The next showing will be on Easter Sunday (20th April) as there is a Scout group in the hall on the 13th. Please note the change of date. The film to be shown is a gripping story called The Hunt, made by Danish director Thomas Vinterberg in 2013.

It touches on every teacher’s nightmare – that a child may involve him (or more rarely, her, in a garbled sexual accusation that results in public outrage and professional destruction. Lucas, the centre figure of the film, works at a local kindergarten and enjoys his warm relationship with the children. Lucas is divorced, with custody of his young son, and a relationship with Nadja, his co-worker at the kindergarten, develops into living together.
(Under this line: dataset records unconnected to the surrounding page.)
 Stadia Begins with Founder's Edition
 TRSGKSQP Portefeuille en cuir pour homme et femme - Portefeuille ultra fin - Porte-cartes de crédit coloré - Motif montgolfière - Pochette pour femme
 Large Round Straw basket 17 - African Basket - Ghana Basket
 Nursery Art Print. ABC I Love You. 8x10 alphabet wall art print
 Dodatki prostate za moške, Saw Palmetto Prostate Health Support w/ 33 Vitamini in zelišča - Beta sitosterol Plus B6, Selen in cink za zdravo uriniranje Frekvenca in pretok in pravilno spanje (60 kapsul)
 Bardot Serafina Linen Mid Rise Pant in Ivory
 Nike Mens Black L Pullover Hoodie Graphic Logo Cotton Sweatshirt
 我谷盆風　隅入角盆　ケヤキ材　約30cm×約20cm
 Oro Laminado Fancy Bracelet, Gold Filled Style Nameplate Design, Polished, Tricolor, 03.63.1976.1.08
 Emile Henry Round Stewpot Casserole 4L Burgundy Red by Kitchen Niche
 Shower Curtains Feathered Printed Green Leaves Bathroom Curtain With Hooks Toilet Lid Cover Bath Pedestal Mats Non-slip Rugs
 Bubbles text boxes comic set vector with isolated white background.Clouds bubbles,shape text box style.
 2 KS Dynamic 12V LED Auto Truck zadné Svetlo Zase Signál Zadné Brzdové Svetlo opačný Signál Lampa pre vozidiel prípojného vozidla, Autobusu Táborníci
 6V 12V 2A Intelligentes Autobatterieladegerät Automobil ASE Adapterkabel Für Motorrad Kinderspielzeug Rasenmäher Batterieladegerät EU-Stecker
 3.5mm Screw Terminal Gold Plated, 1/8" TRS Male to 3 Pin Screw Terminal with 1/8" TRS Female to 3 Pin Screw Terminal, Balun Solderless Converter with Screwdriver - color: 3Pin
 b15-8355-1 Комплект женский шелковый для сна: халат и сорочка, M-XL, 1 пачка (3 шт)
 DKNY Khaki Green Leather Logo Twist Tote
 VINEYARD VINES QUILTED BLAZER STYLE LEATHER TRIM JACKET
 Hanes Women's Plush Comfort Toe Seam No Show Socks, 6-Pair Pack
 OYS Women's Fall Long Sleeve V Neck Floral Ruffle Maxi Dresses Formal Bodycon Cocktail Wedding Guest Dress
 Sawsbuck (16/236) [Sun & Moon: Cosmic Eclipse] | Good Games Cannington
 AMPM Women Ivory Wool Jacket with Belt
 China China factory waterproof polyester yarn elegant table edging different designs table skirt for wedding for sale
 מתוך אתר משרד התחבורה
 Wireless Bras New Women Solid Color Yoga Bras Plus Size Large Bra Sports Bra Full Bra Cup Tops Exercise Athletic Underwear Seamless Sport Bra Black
!One of the kindergarten pupils, Klara, is the daughter of Lucas’s best friend Theo. Out of the blue, she accuses Lucas of showing his genitals to her, though she seems to have this confused with pornographic pictures shown to her by her older brother. The adults in the community believe her story, regardless of the self-contradictions.

Lucas is shunned by his community. His friendship with Theo is destroyed, the pressure causes him to break up with Nadja, and his son is publicly ostracised. The kindergarten staff pressurise other children at the kindergarten, who also “admit” to being abused; but they make the mistake of saying these episodes occurred in the basement of Lucas’s house, which in fact has no basement. His ostracism turns to violence. A brick is thrown through his window, and he is beaten by grocery store employees for trying to buy food. Somebody kills his dog.

On Christmas Eve, Lucas confronts Theo, without much success, but later, Theo overhears his daughter Klara apologising to Lucas as she drifts off to sleep. He realises Lucas is innocent, and visits him on Christmas Day with food and drink as a peace offering.

Tensions in the community lessen. Lucas and Nadja resume their relationship and Lucas’s son is accepted into the local hunting society as an adult. On a hunting expedition to celebrate this, somebody shoots at Lucas. Blinded by the setting sun, he can’t see who it is. All he can do is run.

The Hunt is an intelligent, questioning film about the way in which hysteria can grip an entire community. Mads Mikkelsen is utterly credible at Lucas, and the whole story rings terribly true.

The showing starts at 8:00 pm on Easter Sunday in Corrie Hall. Everyone is welcome and entry is free – though a contribution towards the hall’s expenses would be welcome.